(Crawled caption data)
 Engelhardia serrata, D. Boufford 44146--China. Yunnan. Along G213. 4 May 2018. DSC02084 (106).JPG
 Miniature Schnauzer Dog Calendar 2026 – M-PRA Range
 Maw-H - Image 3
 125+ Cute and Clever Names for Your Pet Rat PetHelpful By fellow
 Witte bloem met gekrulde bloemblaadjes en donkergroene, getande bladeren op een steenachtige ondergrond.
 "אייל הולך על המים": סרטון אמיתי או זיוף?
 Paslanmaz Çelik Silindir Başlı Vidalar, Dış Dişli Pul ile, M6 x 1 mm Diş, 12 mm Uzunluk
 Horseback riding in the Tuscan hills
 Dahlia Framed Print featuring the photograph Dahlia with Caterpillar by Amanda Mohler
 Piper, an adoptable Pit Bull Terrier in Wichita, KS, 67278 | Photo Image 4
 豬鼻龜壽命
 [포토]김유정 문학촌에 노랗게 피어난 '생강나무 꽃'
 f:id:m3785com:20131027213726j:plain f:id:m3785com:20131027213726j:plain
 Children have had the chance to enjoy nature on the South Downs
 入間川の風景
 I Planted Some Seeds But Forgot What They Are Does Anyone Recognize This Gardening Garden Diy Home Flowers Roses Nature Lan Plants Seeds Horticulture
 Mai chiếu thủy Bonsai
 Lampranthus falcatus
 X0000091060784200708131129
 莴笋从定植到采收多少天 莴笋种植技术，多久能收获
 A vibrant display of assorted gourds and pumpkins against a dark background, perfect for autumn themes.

# [What the task asks]
What you return must match the records above exactly, line for line.

# [Exercise solution]
 Engelhardia serrata, D. Boufford 44146--China. Yunnan. Along G213. 4 May 2018. DSC02084 (106).JPG
 Miniature Schnauzer Dog Calendar 2026 – M-PRA Range
 Maw-H - Image 3
 125+ Cute and Clever Names for Your Pet Rat PetHelpful By fellow
 Witte bloem met gekrulde bloemblaadjes en donkergroene, getande bladeren op een steenachtige ondergrond.
 "אייל הולך על המים": סרטון אמיתי או זיוף?
 Paslanmaz Çelik Silindir Başlı Vidalar, Dış Dişli Pul ile, M6 x 1 mm Diş, 12 mm Uzunluk
 Horseback riding in the Tuscan hills
 Dahlia Framed Print featuring the photograph Dahlia with Caterpillar by Amanda Mohler
 Piper, an adoptable Pit Bull Terrier in Wichita, KS, 67278 | Photo Image 4
 豬鼻龜壽命
 [포토]김유정 문학촌에 노랗게 피어난 '생강나무 꽃'
 f:id:m3785com:20131027213726j:plain f:id:m3785com:20131027213726j:plain
 Children have had the chance to enjoy nature on the South Downs
 入間川の風景
 I Planted Some Seeds But Forgot What They Are Does Anyone Recognize This Gardening Garden Diy Home Flowers Roses Nature Lan Plants Seeds Horticulture
 Mai chiếu thủy Bonsai
 Lampranthus falcatus
 X0000091060784200708131129
 莴笋从定植到采收多少天 莴笋种植技术，多久能收获
 A vibrant display of assorted gourds and pumpkins against a dark background, perfect for autumn themes.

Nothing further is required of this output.